Five years ago, then-Mayor Adams started cracking down on Last Thursday in response to increasing complaints of mayhem. Behavior like vandalism, public urination, and flagrant alcohol consumption continue to vex neighbors and Alberta businesses—even the bar owners said to benefit most from Last Thursday. (Despite the massive influx of people, many businesses report modest to nonexistent returns.)

Artists and longtime attendees bemoan the "soul" of Last Thursday being trampled by overcrowding, intoxication, and government interference. But wrangling this mess into a workable event has proven troublesome in Last Thursday's nearly 20-year history. The last community group to attempt it was Friends of Last Thursday (FOLT), which disbanded in protest of the city's oversight in 2013 ["The Last Last Thursday?" News, June 26, 2013].

O'Connor, 30, touts his event-planning experience, including two years running an erstwhile art fair called Hump Day in Southeast Portland's Buckman neighborhood, which he says drew about 1,500 people on Wednesdays from June through October. The Beaverton native knows all too well how wild Last Thursday can get: He attended many as a younger man. Intent on helping reform the event, he also attended FOLT's regular meetings for two years, but stopped because of "leadership problems."

His plan, he says, is better.

O'Connor wants to form groups that would target the well-known "nuisance" concerns, which he says he'd quell by staffing more than 100 volunteers to keep watch over the event.

And O'Connor thinks he can pay the event's steep tab. He plans to draw about half of his revenue from vending fees and sponsorships with Alberta businesses, and says he'll look for sponsorships outside the district.

In contrast with FOLT, which O'Connor said was led by many strong personalities, his group would have one person at the top overseeing representatives of the groups most affected: residents, business owners, and artists.

"We aren't going to be arguing about the things they used to argue about—like the law," he said, including a comic beat for emphasis. "I'm not going to debate facts with the police. This is all pretty straightforward. We know what the laws are. We know what we have to do."

Last month, some nine months after setting out, O'Connor addressed city council for the first time, armed with signatures from 56 Alberta businesses (an additional 68 businesses "abstained" from signing, and two outright oppose the effort). Given his sometimes-chilly dealings with the mayor's staff, he said he was surprised to be greeted warmly by Hales, who told him, "I really appreciate what you're doing."

"We've been looking for community-based leadership to manage this event, and for my office to, frankly, work itself out of a job," Hales said at the meeting. "Because [Last Thursday] really shouldn't be managed out of the mayor's office."

There's no sign that's actually going to happen anytime soon.

In March, Hales' office announced further cuts to Last Thursday, an indication city staffers are counting on managing it at least one more summer. The plan now is to scrap the May and September events completely. The move from five months to three should save about 40 percent of the $75,000 to $80,000 the city expected to spend on Last Thursday this year, according to Stover.

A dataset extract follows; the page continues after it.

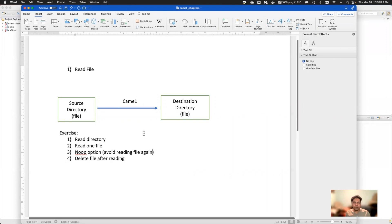Hello friends, today we will see a read file example. In this example, we will read a file from one directory and move that file to another directory.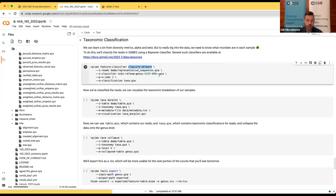Let's look at how we can use QIIME to classify the taxonomy of our ASVs. The first thing we'll do is use a plugin in QIIME called feature-classifier. As you might guess, this will take our ASVs and apply the multinomial naive Bayes method we just discussed to assign them taxonomy. Specifically we'll be using the classify-sklearn action within that plugin. As inputs we'll use our representative sequences — our list of ASVs as identified by DADA2 — along with a classifier containing all the k-mer profiles for several reference taxa.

The mayor's office isn't alone in its doubts of O'Connor's chances. Maquette Reeverts, Alberta Street artist and former FOLT member, said many others have tried unsuccessfully to win over Hales.

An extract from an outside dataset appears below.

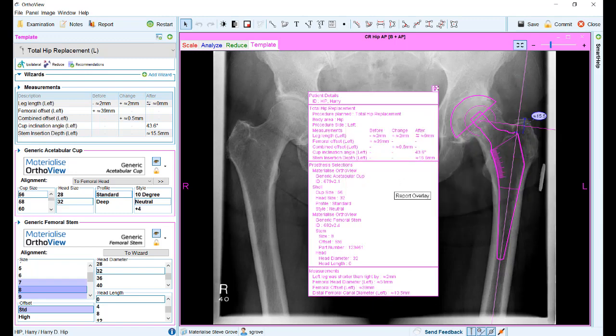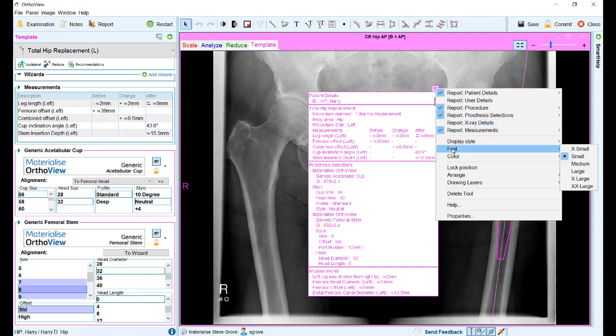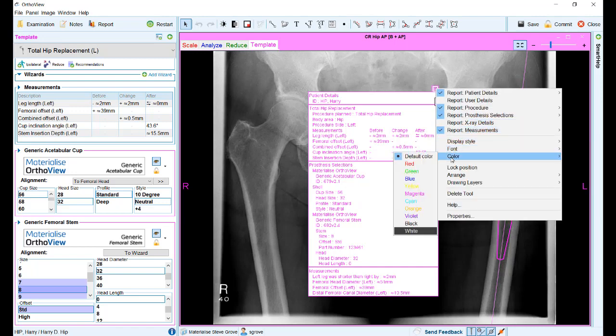As before, you can also adjust things such as display style, the size of the fonts, and the colours of the boxes.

"I think [O'Connor] has a good idea. I'm just not sure he has the wherewithal to do it," she says.

But, as Artists United's long list of signatures shows, O'Connor's winning over many on Alberta.

Yosief Embaye, owner of the jazz club Solae's Lounge at NE 18th and Alberta, says he's seen a lot of O'Connor lately. And he's cautiously buying in to a future that may never come to pass.

"He seems to be doing things," Embaye says. "I just hope what he says will happen, because there's positive things that can come out of Last Thursday."